Wednesday, June 3, 2009

From Ordering Steak and Lobster, to Serving It

Carlos Araya used to order lobster, filet mignon and $200 bottles of red wine at the Palm Restaurant in midtown Manhattan.

Now, he seats customers at its Tribeca branch.

Mr. Araya, 38 years old, lost his job in 2007 as a crude oil trader on the New York Mercantile Exchange. After visiting dozens of headhunters with no luck, he applied in August 2008 to be a host at the Palm to support his wife, two young daughters and mortgage payments. His salary has plunged from $200,000 to $25,000.

If the financial crisis was the flood, then the Arayas are one of the families standing in the stagnant waters left behind. Some former Wall Street employees, highly trained and accustomed to comfortable salaries, are having trouble translating their specialized skills to other fields that pay well, and instead find themselves forced to accept low-wage work. Now, Mr. Araya is on the brink of losing it all and is doubtful that he will ever return to Wall Street.

And he isn't alone. Nearly 25,000 jobs have been lost in New York City's financial sector since August 2007, according to the New York State Department of Labor. The finance industry in New York is expected to lose 56,800 jobs from the end of 2007 to the beginning of 2012, according to projections from the Independent Budget Office, a publicly funded information agency.

John Carbonaro was let go as a floor clerk by Bank of America in January 2009, and despite his job-hunting efforts, remains a "Mr. Mom." Joe Morrone, a laid-off trading clerk from Prudential, has been unemployed for two years and struggles to support his daughters and grandson.

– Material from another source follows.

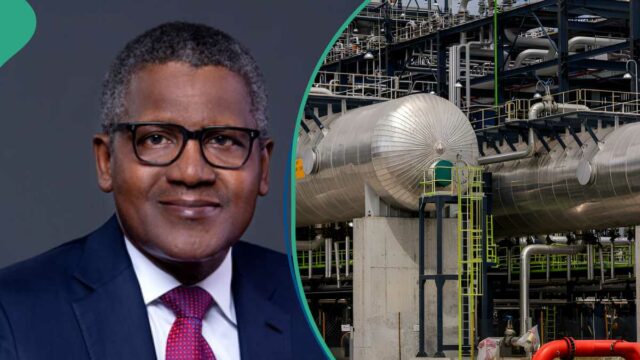 Por que Dangote importou o petróleo ganense em meio a preocupações de produção da refinaria

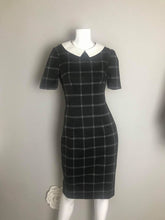 Load image into Gallery viewer, Vivian Collar suit - Shop women style vintage, Audrey Hepburn jackets online -Christine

He has had stints as a deli worker, a doorman and a bouncer. "I used to have three cars," Mr. Morrone says. "Now I share one."

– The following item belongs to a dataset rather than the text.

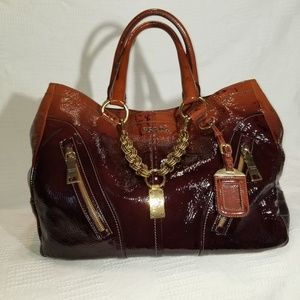 Rare Collectors!! Ombre Sfumato Vernice Hobo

The result is an unlikely stream of erstwhile Wall Street pros need help.

"I've got 'em all -- Lehman, AIG, Citi," says Bob Townley, head of Manhattan Youth in Tribeca, an organization that gave the Arayas financial assistance to pay for childcare while they are working. "I can hear it in a parent's voice when there's trouble. Others are too proud to ask for help."

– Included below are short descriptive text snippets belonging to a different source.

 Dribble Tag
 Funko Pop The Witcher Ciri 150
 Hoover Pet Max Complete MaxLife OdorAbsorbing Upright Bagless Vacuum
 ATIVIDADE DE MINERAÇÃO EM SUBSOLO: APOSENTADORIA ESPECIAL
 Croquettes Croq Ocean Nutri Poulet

Many of these parents once made donations to Mr. Townley's program. Now they are asking for aid to pay for their kids. Mr. Araya's daughters, ages 6 and 7, are in an after-school program at Mr. Townley's center.

Nowadays, during Mr. Araya's late nights at the Palm, reminders of his old life crop up when former colleagues come in. Some are encouraging and offer hugs. Others sneer, he says. "The way they look at you, you know they're thinking negatively," he says. Some are laid-off like him, and ask if the restaurant is hiring.

As a host, Mr. Araya wears a suit and tie. He's on his feet most of the day, either escorting guests to tables or manning the podium at the front, answering phone calls, managing reservations on the computer and fielding orders from wait staff and managers.

Although he's thankful for the work at the Palm, paydays can be bittersweet. "At the end of the week, I get my paycheck," he says, "and I think, 'I used to make this much in a day.' "

Matthew Craig/MJR for The Wall Street Journal
In Carlos Araya's new job as a host at New York City's Palm Restaurant, he sometimes seats colleagues from his former life on Wall Street.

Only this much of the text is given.